**** Materials provided ****

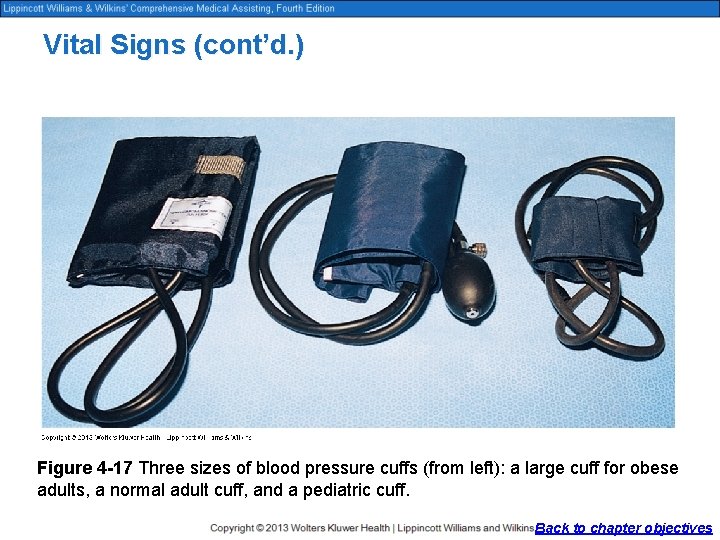 Vital Signs (cont’d. ) Figure 4 -17 Three sizes of blood pressure cuffs (from
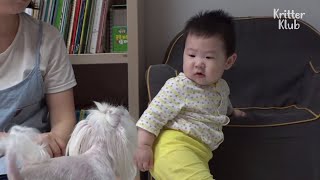 Собачки-хулиганы Baby Hooman Brother (часть 1) | Криттер Клуб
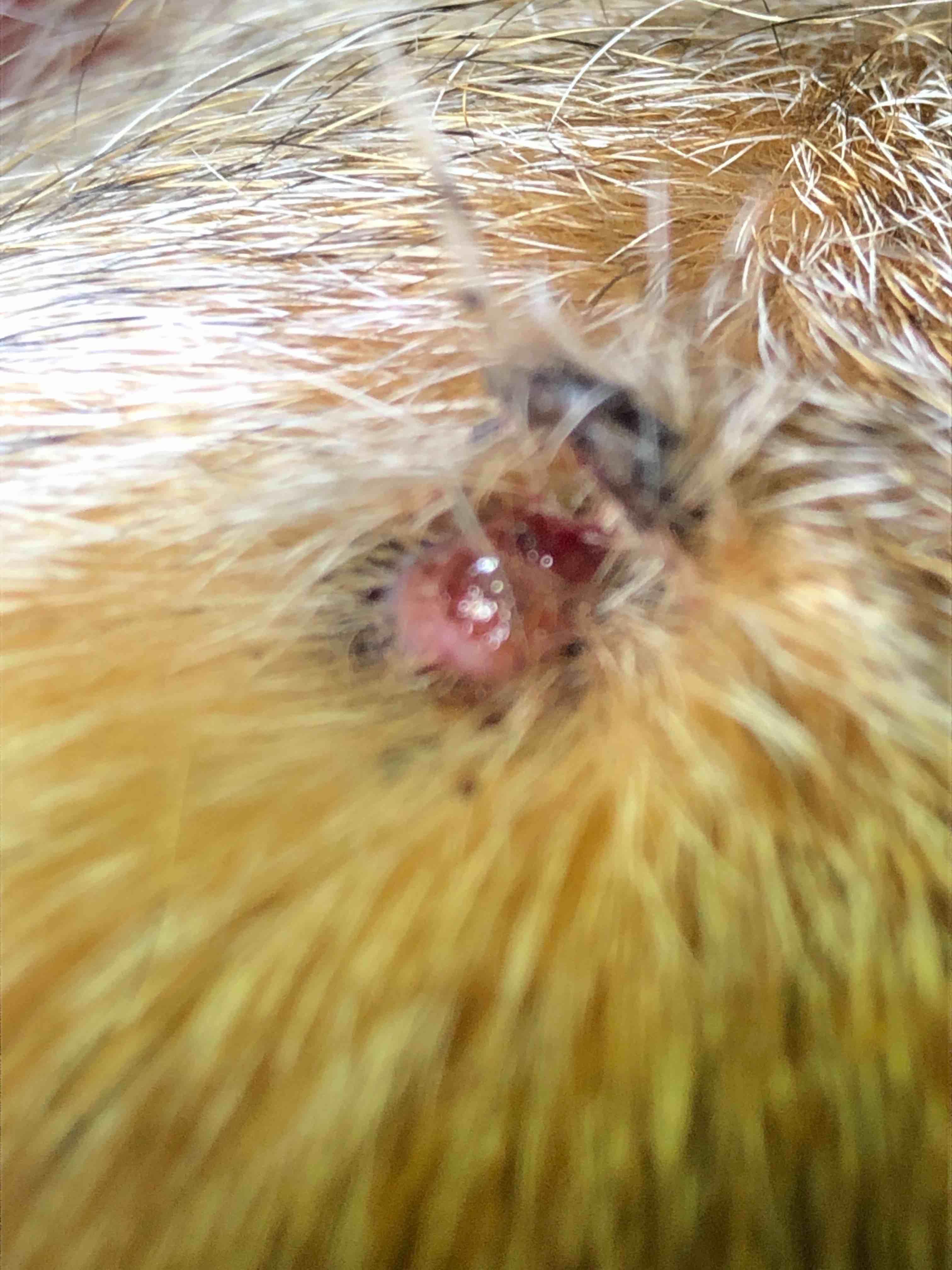 Question details sensitive content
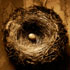 Nest2 - Thomas Lindley Photography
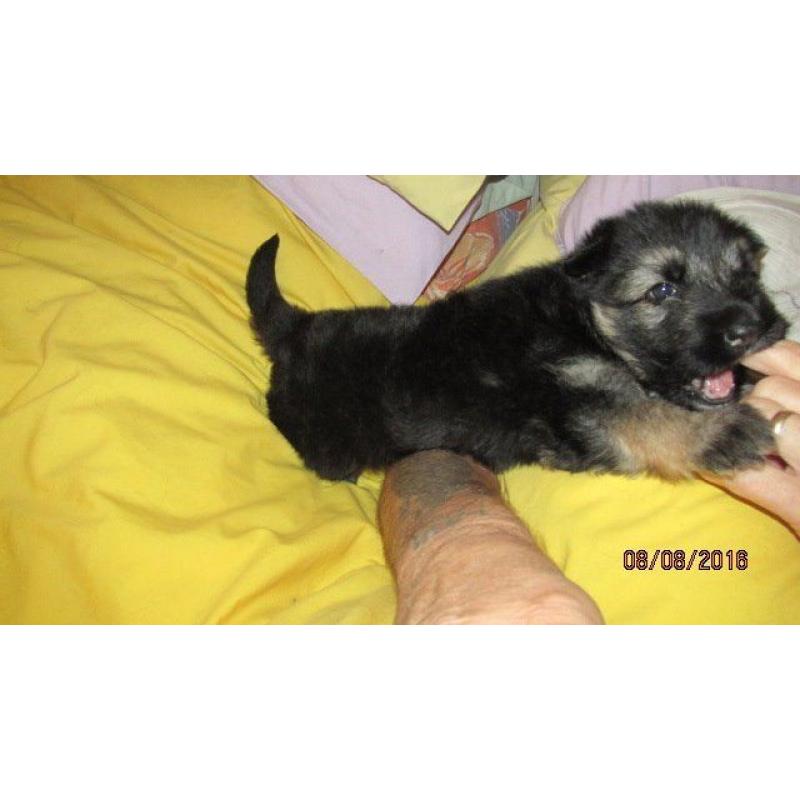 Gorgeous German Shepherd female Puppy ,full pedigree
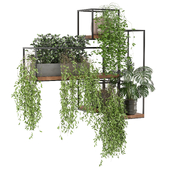 indoor plants in metal shelf set 917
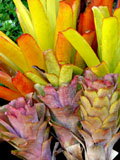Multicolored Bromiliads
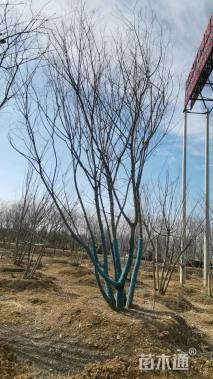 15公分丛生朴树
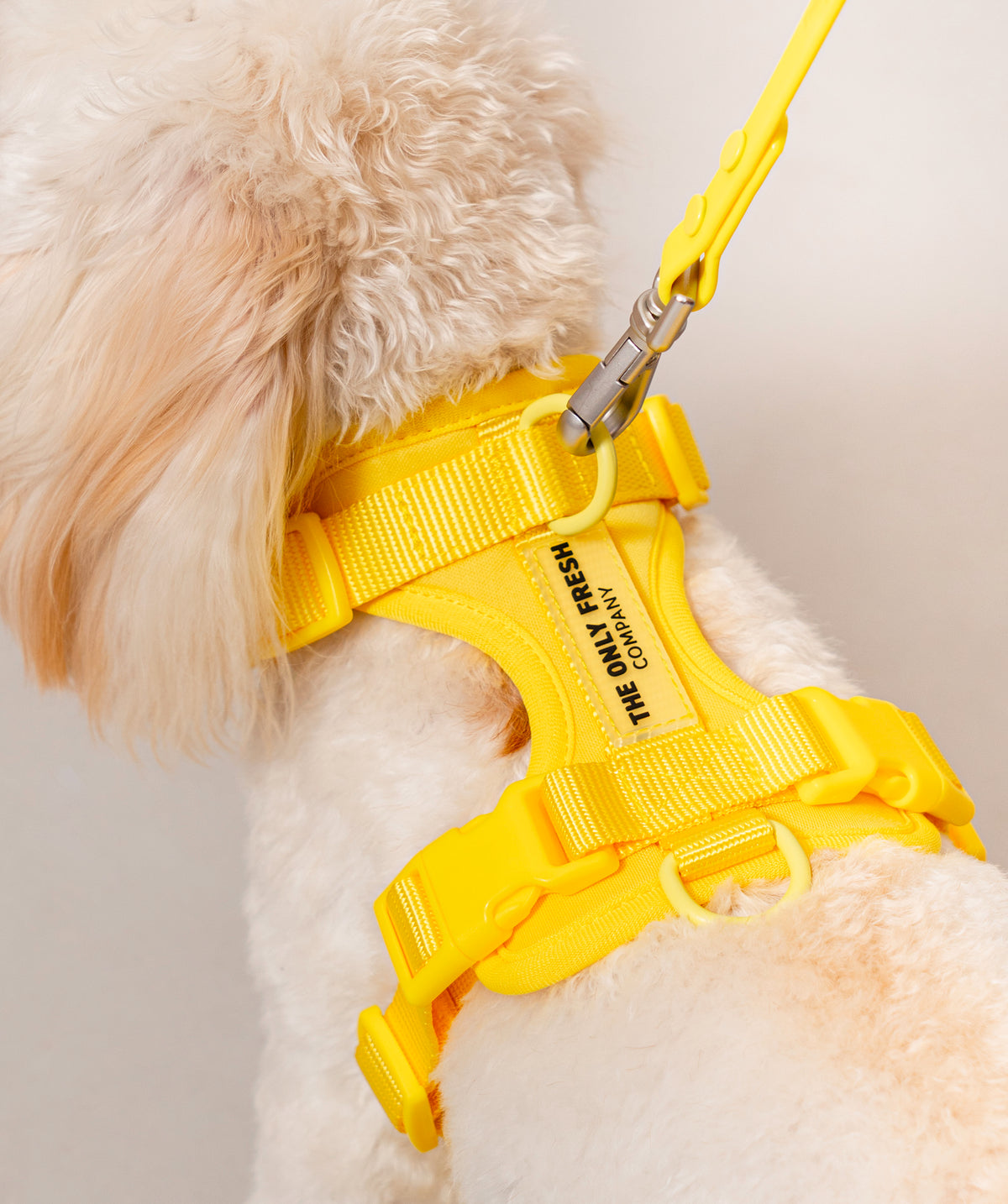 Smart Harness - Gelb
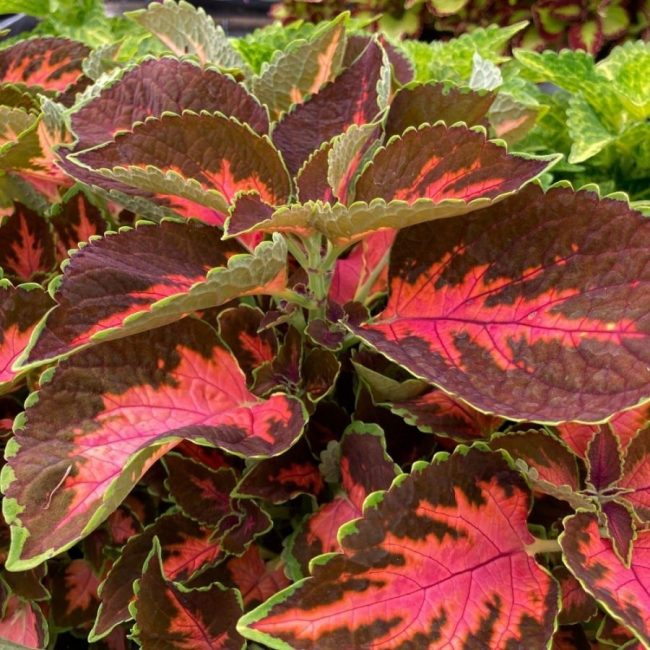 Coleus 'Plante Gitane' en Pot (Mix) – Image 11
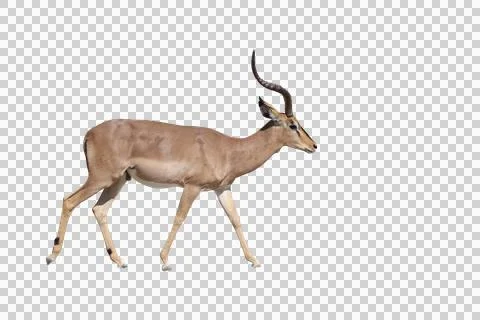 Black-nosed Impala Stock Photos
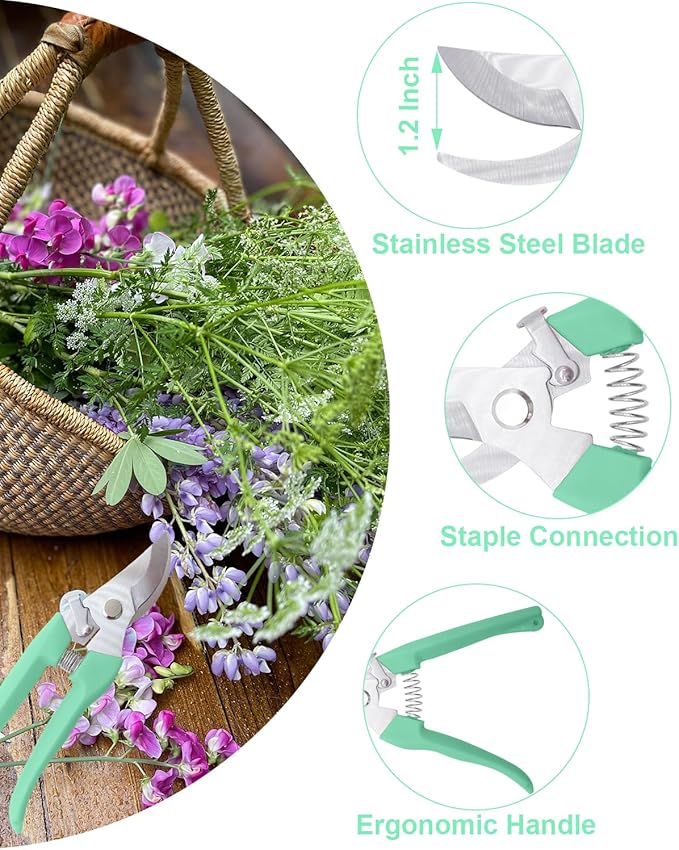 Pruning Shears for Gardening, 4 Pack Garden Scissors for Cutting Fresh Flowers, Floral Clippers for Plants, Fruits (Green)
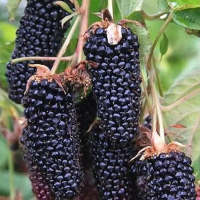 Ожина Коламбія Гігант купить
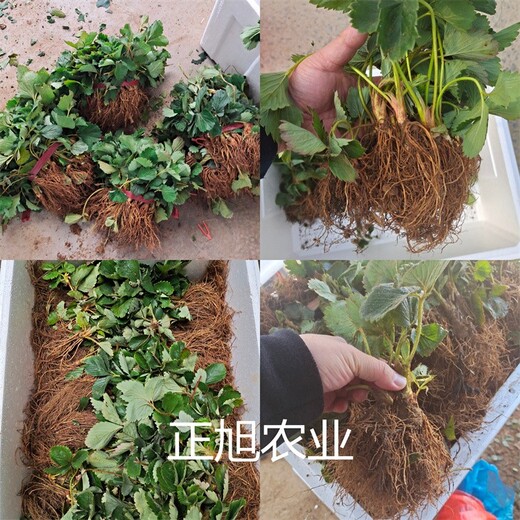 白雪公主草莓苗新品種出售、草莓苗培育基地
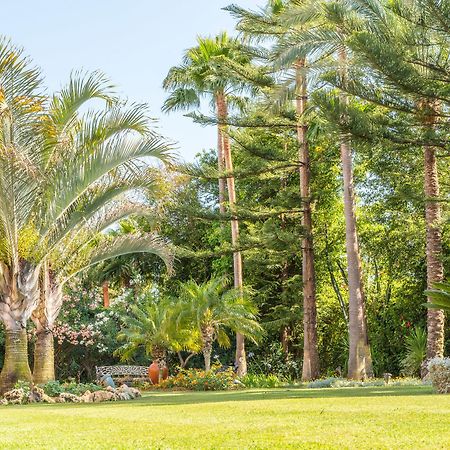 The Grand Oasis Estepona Marbella Exterior foto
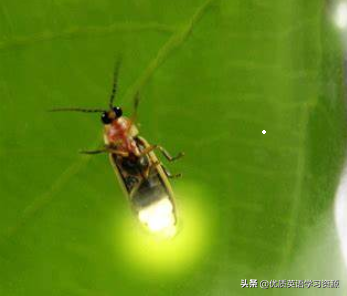 fly复数(fly什么时候变flies)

****

• **Exercise prompt**
Output only the lines from the start of the data through the line that holds "白雪公主草莓苗新品種出售、草莓苗培育基地". Keep them exact and leave the pictures out.

• **Answer section**
 Vital Signs (cont’d. ) Figure 4 -17 Three sizes of blood pressure cuffs (from
 Собачки-хулиганы Baby Hooman Brother (часть 1) | Криттер Клуб
 Question details sensitive content
 Nest2 - Thomas Lindley Photography
 Gorgeous German Shepherd female Puppy ,full pedigree
 indoor plants in metal shelf set 917
Multicolored Bromiliads
 15公分丛生朴树
 Smart Harness - Gelb
 Coleus 'Plante Gitane' en Pot (Mix) – Image 11
 Black-nosed Impala Stock Photos
 Pruning Shears for Gardening, 4 Pack Garden Scissors for Cutting Fresh Flowers, Floral Clippers for Plants, Fruits (Green)
 Ожина Коламбія Гігант купить
 白雪公主草莓苗新品種出售、草莓苗培育基地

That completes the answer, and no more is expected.